Writing to his mother about the battle of Elandslaagte with the Boers in 1899, a British officer said:
I lay where I fell for about three-quarters of an hour, when a doctor came and put a field-dressing on my wound, put my helmet under my head as a pillow, gave me some brandy, and then went to look after some other poor beggar. The torrents of rain never stopped. In addition to the agony which my wound gave me, I had two sharp stones running into my back.

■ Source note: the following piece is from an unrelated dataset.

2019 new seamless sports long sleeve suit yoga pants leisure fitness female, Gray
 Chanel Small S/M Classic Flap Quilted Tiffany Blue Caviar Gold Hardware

I was soaked to the skin and bitterly cold, but had an awful thirst. On one side of me was a Gordon Highlander in raving delirium, and on the other a Boer who gave vent to the most heartrending groans. I was taken to hospital 17 hours after I was hit.
War is a funny game, mother, and no one can realise what its grim horrors are like till they see it in all its barbarous reality.
一英國軍官致函母親,談到一八九九年和波爾人在伊蘭斯拉特的一戰:
我倒地之後,一直躺在那裏,大約過了四分之三小時,一個醫生走來,給我的傷口作戰場包紮,把我的頭盔放在我頭下作枕,給我喝些白蘭地,然後去照顧另一些苦人兒。滂沱大雨下個不停,除了傷處劇痛,還有兩塊尖石插進我背部。我渾身濕透,冷得要命,口渴難當。我的一旁有個戈登高地軍團士兵,神智不清,胡言亂語;另一旁有個波爾人,聲聲呻吟,慘不忍聽。我受傷十七小時之後,終於送到醫院。
母親,戰爭是場古怪遊戲。不是目睹其野蠻的真面目,不可能知其殘酷可怕。